Nelayan Cirebon Belum Memanfaatkan Informasi Cuaca
Sebagian besar nelayan di Kabupaten Cirebon, Jawa Barat, belum memanfaatkan informasi cuaca untuk bekal melaut. Padahal, cuaca buruk yang ditandai gelombang tinggi dan angin kencang sangat berpotensi mengancam nyawa mereka.
Oleh
ABDULLAH FIKRI ASHRI
·3 menit baca
CIREBON, KOMPAS — Sebagian besar nelayan di Kabupaten Cirebon, Jawa Barat, belum memanfaatkan informasi cuaca untuk bekal melaut. Padahal, cuaca buruk yang ditandai gelombang tinggi dan angin kencang sangat berpotensi mengancam nyawa mereka.
”Selama ini, nelayan melaut hanya mengandalkan perasaan. Kalau langit teduh, tidak hujan, aman untuk berangkat,” ujar Ahmad Sabrawi (24), nelayan asal Desa Gebang Mekar, Kabupaten Cirebon, Senin (28/1/2019).
Akan tetapi, pembacaan cuaca saja terbukti tak cukup. Ipar Ahmad, yang juga nelayan, Seli (28), ditemukan meninggal di perairan Gebang, Minggu (27/1). Seli sebelumnya hanyut sejak Jumat (25/1) setelah melaut untuk mencari rajungan. Almarhum berangkat melaut tanpa bekal informasi cuaca yang lengkap.
”Saat almarhum melaut, Jumat dini hari, cuaca bagus. Namun, waktu pulang siang hari, perahunya terbalik. Tiga nelayan selamat, tetapi Seli tidak,” ujar Ahmad. Seli melaut menggunakan perahu ukuran 5 gros ton (GT).
Menurut dia, selama ini, nelayan hanya tahu bahwa Januari adalah musim angin barat. Saat itu, gelombang laut bisa mencapai 5 meter. ”Hampir setiap tahun ada perahu yang terbalik. Tahun lalu, dua perahu terbalik, tetapi tidak ada yang meninggal dunia,” ujarnya.
Akan tetapi, hal itu tidak mengurungkan niat sejumlah nelayan untuk melaut. Alasannya, mereka terdesak beragam kebutuhan. Apalagi, godaan mendapatkan hasil tangkapan besar sangat tinggi ketika musim angin barat. Ketika gelombang tinggi, rajungan mudah ditangkap karena naik ke permukaan laut.
”Kalau tidak melaut, ya, menganggur.
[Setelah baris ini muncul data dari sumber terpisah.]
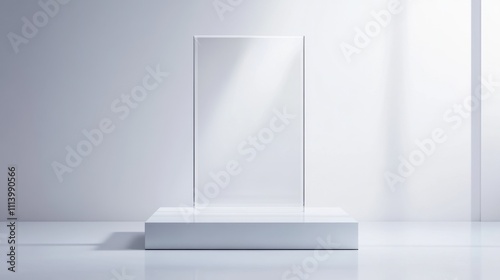 A minimalist display featuring a clear glass panel on a white pedestal, set against a bright, uncluttered background.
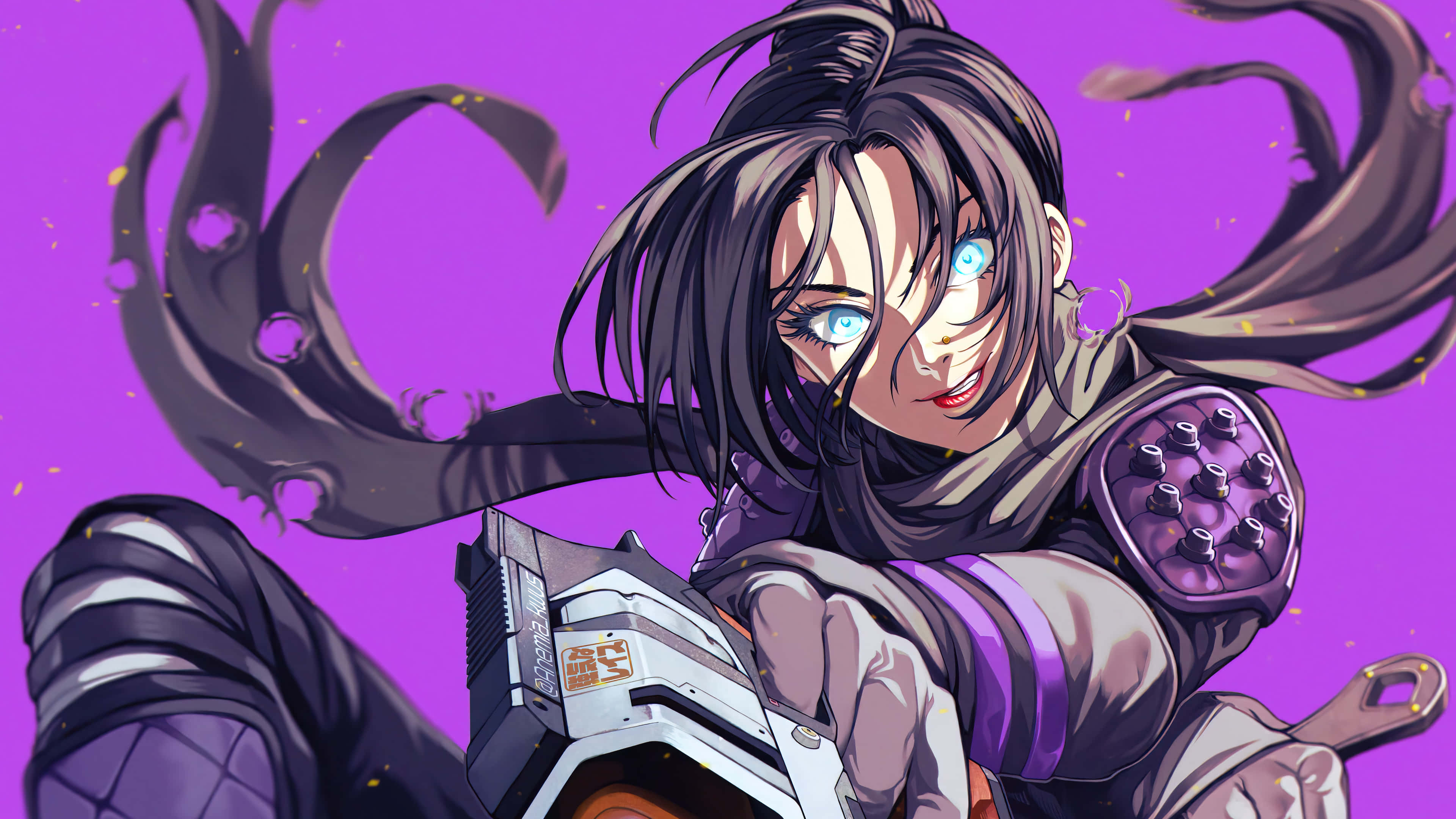 Apex Legends Characters, anime warrior, glowing blue eyes, 4K Desktop Wallpaper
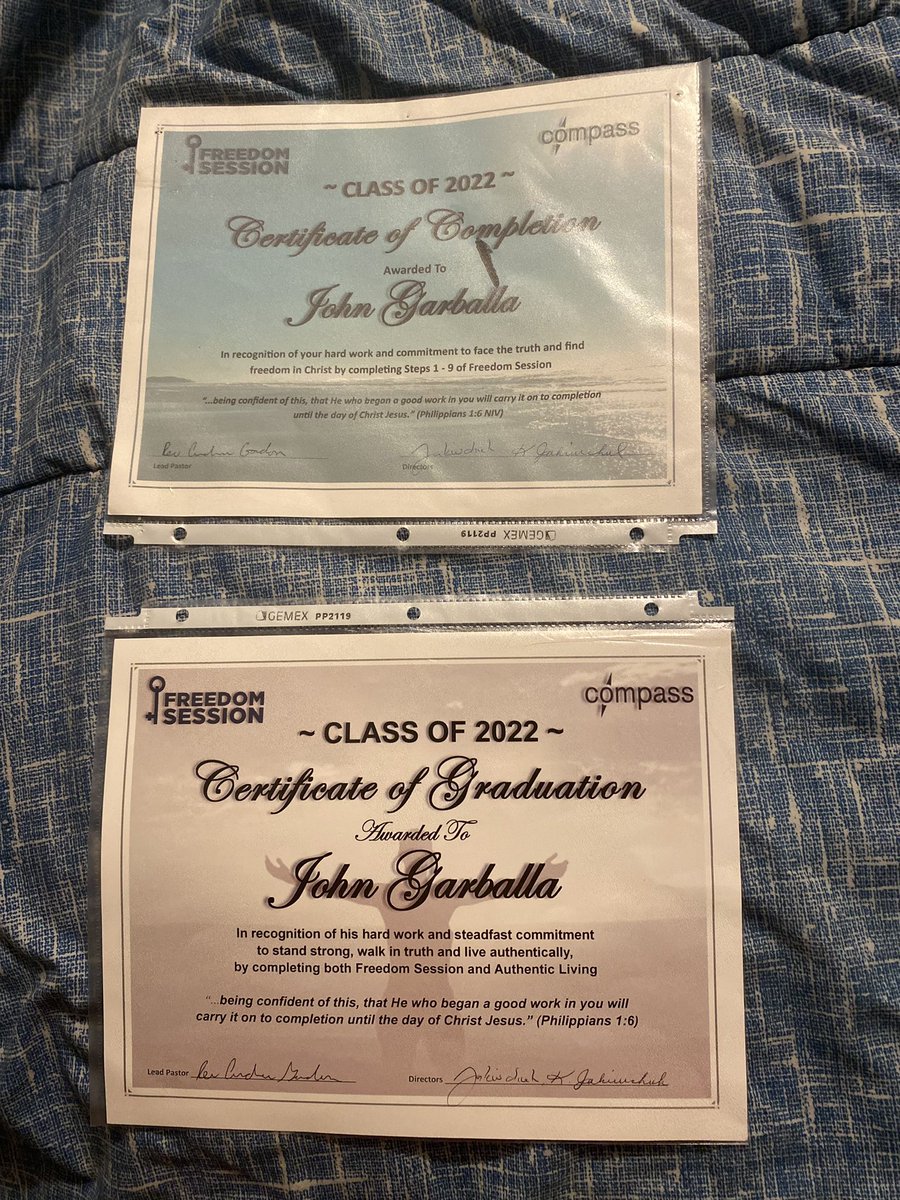 Officially Graduated 👨‍🎓🎓Freedom Session 2022 I Started the course February 15th 2022 at my church compass community church in Orangeville Ontario Canada 🇨🇦 Did all 3 Books 📚 🙏💙🧡✝️💒⛪️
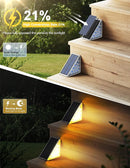 LED Solar Step Lights Waterproof Outdoor Stair Lights, Warm White Solar Deck Lights IP67 Solar Decoration Lights for Yard, Patio, Garden, Walkways, Front Door, Pathway, Driveway, Porch 2PK by GreenHaven Gardens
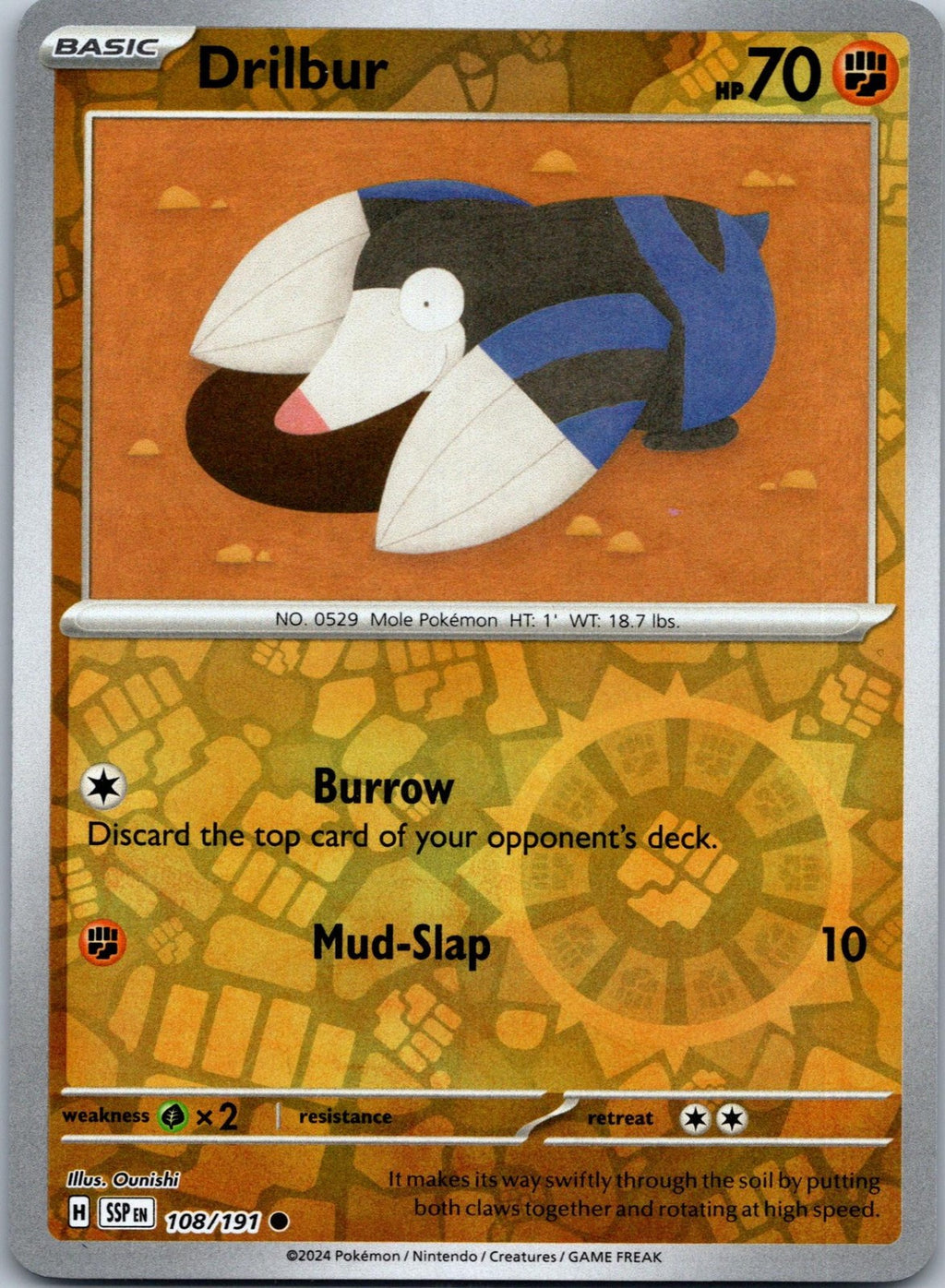 Drilbur 108/191 Common Surging Sparks Pokemon Near Mint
Padahal, saat ini, nelayan bisa meraup Rp 200.000 per hari,” ujar Ahmad yang tidak melaut empat hari terakhir. Senin siang, ratusan perahu hanya tertambat di Gebang. Sebagian besar nelayan hanya memperbaiki jaring dan kapal.
Ahmad mengaku trauma dengan insiden yang melanda iparnya. Namun, ia masih tetap ingin melaut agar mendapatkan pemasukan untuk menghidupi keluarganya.
Duladi (40), nelayan lainnya, mengatakan, belum mendapatkan informasi langsung terkait cuaca setiap hari dari prakirawan Badan Meteorologi, Klimatologi, dan Geofisika (BMKG). Ia hanya mengandalkan pengalaman untuk melaut.
”Memang, nelayan lain bilang kalau sekarang gelombang tinggi, tetapi mau bagaimana lagi. Kalau enggak melaut, enggak dapat uang,” ujar Duladi yang sudah sepekan tidak melaut.
Saya masih trauma, tetapi masih tetap ingin melaut agar mendapatkan pemasukan untuk menghidupi keluarga.
Kepala Seksi Penangkapan Ikan Dinas Kelautan dan Perikanan Kabupaten Cirebon Muhaemin mengatakan, pihaknya sudah mengimbau nelayan untuk tidak melaut saat ini. Di Cirebon, terdapat lebih dari 17.000 nelayan. ”Apalagi, sebagian besar perahu di Cirebon yang mencapai 6.000 unit adalah berukuran 5 GT. Kalau dihantam ombak, bisa terbalik,” ujarnya.
Prakirawan BMKG Jatiwangi, Ahmad Faa Iziyn, mengatakan, pihaknya telah menyebarkan informasi terkait potensi cuaca buruk di Cirebon melalui media dan dinas terkait. ”Gelombang di perairan Cirebon bisa mencapai 2,5 meter dengan kecepatan angin 25 knot atau sekitar 50 kilometer per jam. Kondisi ini diprediksi hingga akhir Januari. Nelayan harus waspada apabila tetap ingin melaut,” ujarnya.